Investing.com -- Chipotle Mexican Grill Inc (NYSE:CMG) shares sank more than 8% after the company's Q2 numbers fell short on same-store sales. The burrito restaurant chain beat expectations for second-quarter profit and reported revenue that was mostly in line with expectations.
Second-quarter adjusted profit of $12.65 a share beat the consensus of $12.29 a share. Revenue, which rose more than 13%, was $2.5 billion as was the consensus estimate. Same-store sales rose 7.4%, while analysts had expected 7.5%.
Chipotle said its restaurant-level operating margin improved to 27.5%, up 230 basis points from last year. It opened 47 new restaurants in the quarter, including 40 locations that have a drive-thru Chipotlane.
Chipotle’s third-quarter guidance points to same-store sales growth in the low-to-middle single digits, and it reaffirmed its annual guidance for comparable sales in the mid-to-high single digits.
Barclays analysts hiked the price target on CMG stock despite "mixed" results.

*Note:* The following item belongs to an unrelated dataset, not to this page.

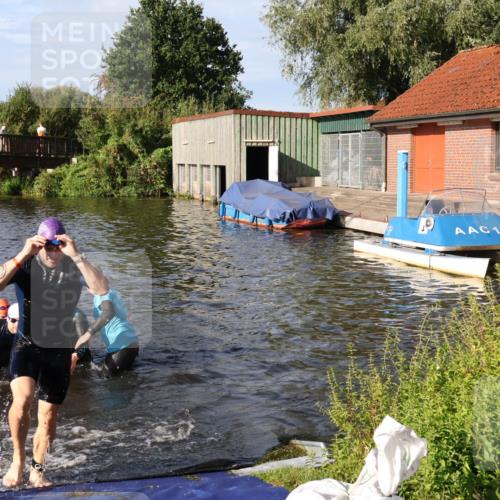 31.08.2025 - Elbe Triathlon Hamburg Luisa Fischer http://msf.ph/oto/8677289 31.08.2025 09:15:16 Schwimmen 419, 562, 567, 625, 660 meine-sportfotos.de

"We believe Chipotle can generate ~20% annual EPS growth longer term. With that said, investors continue to prudently debate valuation, which is where we struggle, especially with broader investor concerns likely to rise on high growth, high valuation names into a slowing macro (albeit still not evident)," the analysts said.
On the other hand, Wells Fargo analysts cut the price target by $200 to $2,200 per share.
"The Q2 bar was high, comps fell slightly short, and the 2H outlook has its sticking points. While our LT bull case still stands (white space, throughput, RLM upside, etc.), we're back in the penalty box," they wrote.